D.C. ballot initiative would ban corporate contributions to political campaigns
The group D.C. Trust on Monday submitted more than 30,000 signatures to the D.C. Board of Elections in support of a ballot initiative seeking to prohibit corporations from making direct campaign donations to political candidates.
“D.C. residents want to see Initiative 70 on the ballot,” said Bryan Weaver, who filed the initiative with the Board of Elections earlier this year. “Our volunteers have gotten a tremendous response from residents across the city. It’s clear that D.C. residents are fed up with the pay-to-play culture in the Wilson Building and are tired of waiting for our elected officials to do the right thing.”
The D.C. Board of Elections and Ethics has 30-days to review the signatures. The activists need roughly 23,000 valid signatures for the initiative to appear on the November ballot.

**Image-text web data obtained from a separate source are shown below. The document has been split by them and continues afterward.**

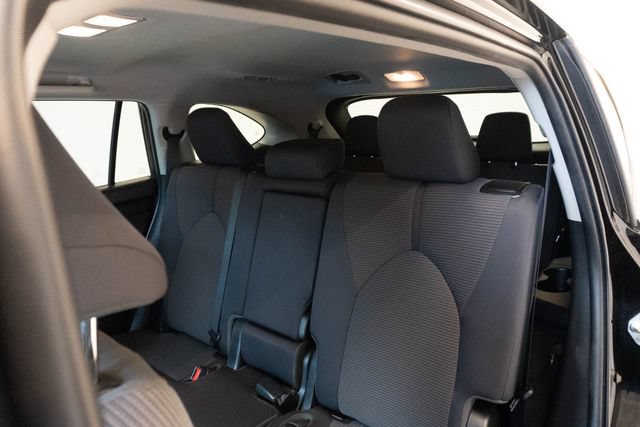 Used 2022 Toyota Highlander L FWD image 20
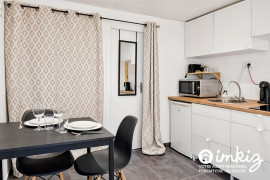 
                                                                                        Vente
                                                                                         Studio dans un quartier calme - Sainte-Savine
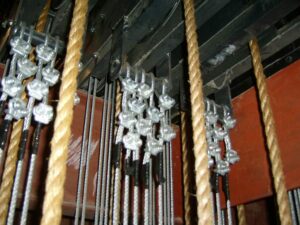 Lift terminations at the head block.  Most riggers would use swaged fittings today.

Federal law has banned corporations from making campaign donations directly to federal candidates since the Tillman Act of 1907. Though the Supreme Court struck down a ban on corporate independent expenditures in its controversial 2010 Citizens United decision, it left the ban on direct campaign contributions intact.
In addition, 21 states prohibit corporations from making direct campaign donations to candidates.

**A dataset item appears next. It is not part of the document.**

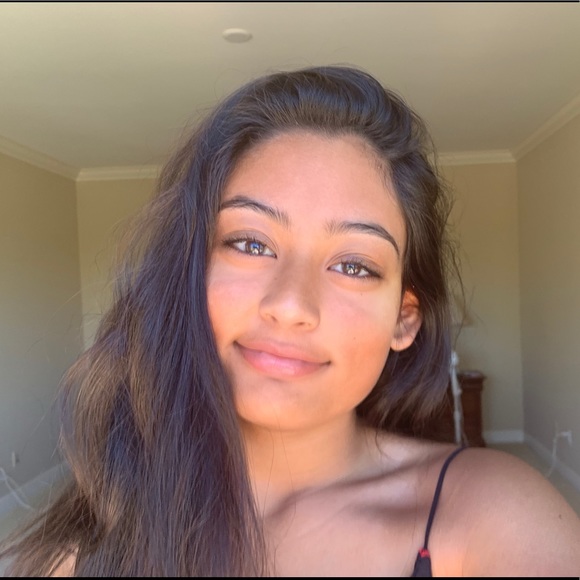 Profile Picture of Shrina Patel (@shrina_patel) on Poshmark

Those who support the ballot initiative — including the Sierra Club, Public Citizen and Jews United for Justice — said it would “rout out legalized corruption” in D.C.
“Corporate campaign giving makes a mockery of spending limits, as bundling through subsidiaries and affiliates is used to breach the legal campaign cash limits,” explained Aquene Freechild, Senior Organizer, Public Citizen’s Democracy Is For People Campaign. “We are confident that with this measure on the ballot, District residents will make clear with their votes that they want to end the corporate corruption of our elections.”